It’s a new beginning for them, a changed life forever. “Come and see,” we heard Jesus invite last week. “Come and follow me,” he adds today. 

Have you ever noticed how many times God makes it possible for us to begin things again, to be renewed, to start over, to make a new beginning?

 Way back, God made a covenant with Noah that “never again shall there be a flood to destroy the earth…” Begin again, said God.  Later, God called Abraham to leave his land and travel to a far away place and “I will bless you…so that you will be a blessing…and to your descendants I give this land…” Another new beginning.  Much later God led the people out of exile in Egypt. Again, God rescued the Israelites from the wicked Assyrians: “The people who walked in darkness have seen a great light,” sang the prophet Isaiah.  And again, God brought the people out of exile in Babylon.  Every one of those events was a brand new beginning.   

“Come, follow me.”  So Simon Peter, Andrew, James and John drop their nets and follow. A fresh start for them, too.

Now you may be troubled, as I have been, by the metaphor of fishing and catching. “Come, follow me and I will make you fish for people,” says Jesus.  I imagine the poor fish, caught in those huge nets with other squirming fish, dragged up to die in the deadly air. What a dreadful image of our Lord and his invitation to us.  What may be a new beginning for Simon Peter and Andrew and James and John was most certainly an ending for the fish!

Or so it seems. But think about this: As one helpful commentator puts it, “Jesus said to ‘fish’ for people---not to ‘eat’ them.” So the question for us is, “How can we fish and not devour? Look to Jesus (himself). He never coerced anyone into belief.” (HKO, Synthesis).  This was a message from last week’s gospel text, too. We heard Jesus last week invite people to come and see. Just that, no coercion, no lecture and certainly no devouring.
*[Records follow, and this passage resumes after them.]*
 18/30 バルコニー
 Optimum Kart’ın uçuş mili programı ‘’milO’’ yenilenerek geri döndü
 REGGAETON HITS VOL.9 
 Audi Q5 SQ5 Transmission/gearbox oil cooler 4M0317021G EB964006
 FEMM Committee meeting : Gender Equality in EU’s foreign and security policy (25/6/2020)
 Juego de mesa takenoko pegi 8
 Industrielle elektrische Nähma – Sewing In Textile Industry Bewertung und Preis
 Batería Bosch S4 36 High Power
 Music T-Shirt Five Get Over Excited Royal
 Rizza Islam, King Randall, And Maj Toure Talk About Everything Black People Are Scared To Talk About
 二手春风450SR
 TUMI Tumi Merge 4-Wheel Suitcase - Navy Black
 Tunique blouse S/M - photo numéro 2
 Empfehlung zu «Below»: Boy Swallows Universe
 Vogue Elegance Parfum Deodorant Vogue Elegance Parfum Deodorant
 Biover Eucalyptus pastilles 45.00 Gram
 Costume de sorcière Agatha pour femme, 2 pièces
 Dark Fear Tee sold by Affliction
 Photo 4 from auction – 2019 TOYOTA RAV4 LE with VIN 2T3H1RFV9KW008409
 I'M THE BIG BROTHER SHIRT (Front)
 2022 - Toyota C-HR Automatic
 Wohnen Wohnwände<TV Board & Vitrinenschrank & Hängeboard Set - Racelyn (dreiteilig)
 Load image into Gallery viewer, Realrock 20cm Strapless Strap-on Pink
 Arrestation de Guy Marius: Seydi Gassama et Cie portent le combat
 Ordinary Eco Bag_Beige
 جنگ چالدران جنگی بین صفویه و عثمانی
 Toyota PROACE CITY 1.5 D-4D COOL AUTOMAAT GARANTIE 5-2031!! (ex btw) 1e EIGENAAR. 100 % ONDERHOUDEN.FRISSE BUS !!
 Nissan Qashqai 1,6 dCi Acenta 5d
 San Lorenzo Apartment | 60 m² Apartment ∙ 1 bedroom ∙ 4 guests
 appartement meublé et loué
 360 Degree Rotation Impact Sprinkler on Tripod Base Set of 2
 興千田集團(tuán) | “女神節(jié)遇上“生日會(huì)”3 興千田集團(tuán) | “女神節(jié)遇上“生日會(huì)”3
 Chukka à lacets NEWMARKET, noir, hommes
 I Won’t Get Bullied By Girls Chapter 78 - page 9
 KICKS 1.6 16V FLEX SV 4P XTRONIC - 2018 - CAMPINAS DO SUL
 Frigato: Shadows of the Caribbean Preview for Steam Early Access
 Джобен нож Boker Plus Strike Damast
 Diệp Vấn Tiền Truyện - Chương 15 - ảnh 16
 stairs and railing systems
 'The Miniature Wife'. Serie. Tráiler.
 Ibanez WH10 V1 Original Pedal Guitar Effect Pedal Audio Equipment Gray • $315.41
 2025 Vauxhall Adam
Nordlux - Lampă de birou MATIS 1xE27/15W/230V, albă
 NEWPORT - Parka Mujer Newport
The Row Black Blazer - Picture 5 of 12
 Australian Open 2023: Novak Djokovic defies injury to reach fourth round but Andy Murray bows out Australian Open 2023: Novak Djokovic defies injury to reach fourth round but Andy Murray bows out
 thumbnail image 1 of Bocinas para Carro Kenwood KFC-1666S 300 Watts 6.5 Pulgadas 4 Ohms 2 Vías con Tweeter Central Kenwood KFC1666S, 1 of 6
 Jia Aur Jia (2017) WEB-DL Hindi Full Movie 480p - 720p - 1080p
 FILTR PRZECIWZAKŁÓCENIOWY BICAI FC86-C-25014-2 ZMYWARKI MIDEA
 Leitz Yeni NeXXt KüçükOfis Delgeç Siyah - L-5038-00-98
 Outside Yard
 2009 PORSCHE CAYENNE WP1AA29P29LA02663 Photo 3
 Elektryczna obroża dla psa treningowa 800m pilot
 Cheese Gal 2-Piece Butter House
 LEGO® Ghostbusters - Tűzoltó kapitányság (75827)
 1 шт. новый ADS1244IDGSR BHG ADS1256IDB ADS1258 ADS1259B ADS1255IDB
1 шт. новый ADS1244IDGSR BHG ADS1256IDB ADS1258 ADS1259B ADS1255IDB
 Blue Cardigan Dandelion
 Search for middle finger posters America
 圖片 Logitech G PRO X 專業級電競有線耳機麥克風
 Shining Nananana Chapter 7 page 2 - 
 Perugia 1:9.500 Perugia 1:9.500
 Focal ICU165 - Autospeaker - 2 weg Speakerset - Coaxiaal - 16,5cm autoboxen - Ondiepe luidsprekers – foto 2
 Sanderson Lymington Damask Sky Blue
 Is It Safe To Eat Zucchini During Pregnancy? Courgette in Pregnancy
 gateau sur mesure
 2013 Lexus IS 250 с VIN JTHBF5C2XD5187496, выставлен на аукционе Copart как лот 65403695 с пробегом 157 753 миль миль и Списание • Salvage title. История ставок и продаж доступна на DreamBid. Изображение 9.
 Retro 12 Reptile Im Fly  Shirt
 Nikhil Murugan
It’s simply an invitation, with the distinct possibility that some will follow and others won’t.  Jesus calls, and then he releases.  And the people who follow are freed. Which is, of course, a message of Easter itself: the freedom of the Cross of Christ. That even though we follow and are held close by Jesus, we are at the same time mysteriously released and free into new life, free from sin and fear, free to be Christ for others. We are redeemed and released into a new beginning.  Redemption and release.

There’s a hymn that ends with those words.  I remembered that hymn when “redemption and release” came to me as I was preparing this sermon. I remembered the hymn but I couldn’t at that very moment, off the top, remember the hymn’s first line, so I couldn’t look it up. Right away I phoned Jeanne Byers, who knows every hymn in the book. I sang the tune to her, including the last words, “redemption and release.” She told me the first line, of course, and I told her why I was bothering with these words. “I think we sang it recently, or maybe it’s that we’re going to be singing it in the near future,” I said. “We are singing it THIS Sunday,” Jeanne replied. Is that a little God-gift, or what?!?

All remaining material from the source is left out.